- **TASK**
In the records below, locate the line containing "Praxis Ii: Mathematics"; output that line and every following line through the last, exactly.

Brief descriptive captions
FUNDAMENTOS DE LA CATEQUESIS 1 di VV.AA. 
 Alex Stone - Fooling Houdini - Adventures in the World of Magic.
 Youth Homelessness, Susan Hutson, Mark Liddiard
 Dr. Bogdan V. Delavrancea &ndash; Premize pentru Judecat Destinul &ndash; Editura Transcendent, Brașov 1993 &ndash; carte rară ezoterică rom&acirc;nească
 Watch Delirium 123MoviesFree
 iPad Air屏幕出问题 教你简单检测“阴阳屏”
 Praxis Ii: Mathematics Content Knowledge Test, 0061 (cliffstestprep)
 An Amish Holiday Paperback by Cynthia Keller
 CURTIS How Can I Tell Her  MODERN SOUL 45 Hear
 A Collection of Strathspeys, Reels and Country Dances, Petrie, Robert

- **REPLY**
 Praxis Ii: Mathematics Content Knowledge Test, 0061 (cliffstestprep)
 An Amish Holiday Paperback by Cynthia Keller
 CURTIS How Can I Tell Her  MODERN SOUL 45 Hear
 A Collection of Strathspeys, Reels and Country Dances, Petrie, Robert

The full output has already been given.